Bolu Grand Kartal Otel'de meydana gelen yangın, 2022 yılında büyük bir faciaya sebep olmuştu. Yangın sırasında otelde konaklayan birçok kişi hayatını kaybetmişti. Olayla ilgili yapılan incelemelerde, yangının çıkış nedeni ve otelin güvenlik önlemlerinin yetersizliği gündeme gelmişti. Yangından sonra otel sahibi ve yöneticiler hakkında çeşitli suçlamalar yapılmış, adli süreç başlatılmıştı. Bu bağlamda, davanın seyrine Damga vuran önemli detaylar ve kanıtların neler olduğu, mahkeme sürecinde kritik öneme sahip olmaya devam ediyor.

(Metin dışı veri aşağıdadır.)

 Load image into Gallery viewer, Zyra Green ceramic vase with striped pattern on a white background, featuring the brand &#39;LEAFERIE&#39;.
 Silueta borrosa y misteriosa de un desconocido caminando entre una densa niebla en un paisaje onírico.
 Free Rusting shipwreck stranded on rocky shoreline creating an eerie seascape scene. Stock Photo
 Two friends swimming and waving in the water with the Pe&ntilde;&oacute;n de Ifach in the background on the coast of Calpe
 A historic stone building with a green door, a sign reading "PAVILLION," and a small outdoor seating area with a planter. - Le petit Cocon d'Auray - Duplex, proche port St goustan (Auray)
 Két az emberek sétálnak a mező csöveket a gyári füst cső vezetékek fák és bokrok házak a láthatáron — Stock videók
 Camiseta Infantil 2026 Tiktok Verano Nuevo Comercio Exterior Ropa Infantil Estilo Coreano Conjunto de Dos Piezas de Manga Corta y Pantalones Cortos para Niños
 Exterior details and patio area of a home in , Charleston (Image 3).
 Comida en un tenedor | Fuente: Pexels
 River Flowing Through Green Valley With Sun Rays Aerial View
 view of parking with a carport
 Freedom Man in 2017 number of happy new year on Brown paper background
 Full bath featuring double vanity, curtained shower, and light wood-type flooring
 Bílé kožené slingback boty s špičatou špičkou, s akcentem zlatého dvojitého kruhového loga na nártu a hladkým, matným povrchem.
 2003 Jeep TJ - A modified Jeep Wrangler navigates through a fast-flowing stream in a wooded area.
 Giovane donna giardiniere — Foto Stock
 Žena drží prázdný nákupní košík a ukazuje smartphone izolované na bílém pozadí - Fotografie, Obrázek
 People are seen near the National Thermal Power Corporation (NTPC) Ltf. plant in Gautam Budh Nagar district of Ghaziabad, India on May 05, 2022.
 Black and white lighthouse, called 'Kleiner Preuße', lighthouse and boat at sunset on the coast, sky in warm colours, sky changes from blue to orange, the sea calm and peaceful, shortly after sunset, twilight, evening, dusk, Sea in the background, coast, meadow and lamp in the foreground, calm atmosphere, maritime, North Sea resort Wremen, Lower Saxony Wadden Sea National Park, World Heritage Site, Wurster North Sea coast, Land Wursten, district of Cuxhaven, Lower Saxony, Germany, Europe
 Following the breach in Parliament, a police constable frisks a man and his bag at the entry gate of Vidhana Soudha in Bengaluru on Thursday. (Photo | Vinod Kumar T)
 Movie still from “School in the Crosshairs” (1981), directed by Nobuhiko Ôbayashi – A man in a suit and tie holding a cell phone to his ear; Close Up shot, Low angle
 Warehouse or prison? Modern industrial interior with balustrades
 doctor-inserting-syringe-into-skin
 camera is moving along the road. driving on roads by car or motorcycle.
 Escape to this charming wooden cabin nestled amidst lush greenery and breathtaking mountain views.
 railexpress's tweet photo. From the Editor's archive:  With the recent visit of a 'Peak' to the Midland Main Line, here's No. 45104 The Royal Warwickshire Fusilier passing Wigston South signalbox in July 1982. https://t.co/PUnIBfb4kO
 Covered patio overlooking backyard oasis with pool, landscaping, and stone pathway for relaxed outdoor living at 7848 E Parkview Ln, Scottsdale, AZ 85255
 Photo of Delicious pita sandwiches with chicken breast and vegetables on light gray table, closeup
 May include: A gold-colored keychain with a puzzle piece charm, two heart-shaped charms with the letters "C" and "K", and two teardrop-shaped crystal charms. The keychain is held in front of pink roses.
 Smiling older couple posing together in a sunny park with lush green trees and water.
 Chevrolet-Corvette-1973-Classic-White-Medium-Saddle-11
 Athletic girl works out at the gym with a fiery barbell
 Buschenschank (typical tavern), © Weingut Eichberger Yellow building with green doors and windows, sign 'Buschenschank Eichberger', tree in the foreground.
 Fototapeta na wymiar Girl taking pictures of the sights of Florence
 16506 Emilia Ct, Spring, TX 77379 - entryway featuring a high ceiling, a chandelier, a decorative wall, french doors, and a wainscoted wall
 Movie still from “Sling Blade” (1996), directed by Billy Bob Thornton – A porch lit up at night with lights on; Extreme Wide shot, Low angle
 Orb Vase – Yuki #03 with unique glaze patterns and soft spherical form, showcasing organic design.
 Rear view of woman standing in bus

Mahkeme duruşmaları sırasında sanık avukatının yaptığı "Bu olay elim bir kaza, olası kast söz konusu değil" açıklaması, birçok kişi tarafından ciddiye alınmadı. Kamuoyunun öfkesi, yangın sonucunda hayatını kaybedenlerin yakınları tarafından da dile getirildi. Avukatın bu savunmasının, başka benzer olaylara karşı bir emsal teşkil edebileceği endişeleri, davanın kritik bir noktasını oluşturdu. Hem hukukçular hem de vatandaşlar, bu savunmanın adalet anlayışıyla kesinlikle bağdaşmadığını savunuyor. Olayın böyle bir ifade ile geçiştirilemeyecek kadar ciddi olduğu, kamuoyunun bu yönde ortak bir anlayış geliştirmesine neden oldu.
Bolu Grand Kartal Otel yangını davasının geleceği, mahkeme süreçlerinin ne denli şeffaf ve adil işleyeceğiyle doğrudan bağlantılı. Gözler, artık yerine getirilmesi gereken hukuki prosedürlere çevrilmiş durumda. Sanıkların durumları ve davanın gelişimine şartların nasıl etki edeceği merak ediliyor. Uzmanlar, bu tür kazaların önüne geçmek için sağlıklı bir dava sürecinin şart olduğunu vurguluyor. Adaletin yerini bulup bulmayacağı ise zamanla ortaya çıkacak. Davanın sonuçları, aynı zamanda bir dizi benzer olayın önünü alacak yaptırımların belirlenmesine de katkı sağlayabilir. Bu nedenle, devam eden süreç büyük bir önem arz ediyor.